One in 10 female third-level students in the Netherlands has been raped, usually by someone she knows or has met before, according to a report which also finds that educational institutions are not doing enough to help the victims.
The report, carried out for Amnesty International by research company I&O, surveyed 1,000 students at all academic levels. It found that one in 100 male students had been raped.
"What's most shocking is that so many students are becoming the victims of rape in such a short period of their lives, typically the three or four years while they're studying", said Dagmar Oudshoorn, director of Amnesty Netherlands.
“These students, predominantly young people, should be enjoying a period of educational development and self-fulfilment instead of having these traumatic experiences that can damage them for the rest of their lives.”
Dutch law defines rape as sexual assault involving force or violence. However, pending new legislation will define all non-consensual sex as rape, with a jail term of nine years. The test will be whether it can be shown that the perpetrator knew the victim did not want sex.
The research shows that only a small percentage of the students assaulted were aware of who they should approach in their educational institutions to help them in the immediate aftermath.
Just three per cent said they had reported the assault to a university mentor, while 40 per cent said they told nobody about what had happened.
Significant gap
"While of course universities and colleges are not responsible for the rape, they could certainly do more to help the victims and to create an environment where this is unacceptable", said Amnesty's Martine Goeman in a radio interview.

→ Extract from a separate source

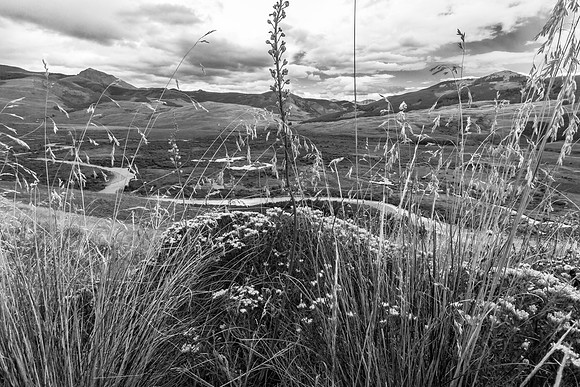 East River Valley, through Early Fall Grasses and Brush, Brush Creek Trail (B&W)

“That is particularly true because in the majority of cases the attackers were known to the victims, from a party or a date, for instance. We are not talking about strange men hiding in the bushes.”
The research also showed a significant gap between male and female respondents when it came to their perceptions of the circumstances surrounding assaults. For example, 37 per cent of young men, as against 25 per cent of young women, believed a woman was more likely to be raped if she wore “sexy” clothing.
Twenty-three percent of men, as against eight percent of women, said they believed a woman who had had multiple sexual partners was more likely to be raped. And six per cent of males, as against two per cent of females, said they believed a kiss after a date meant there was consent to sex.
In Britain, a report by the education regulator, Ofsted, warned on Thursday that sexual harassment had become "normalised" among school-age children.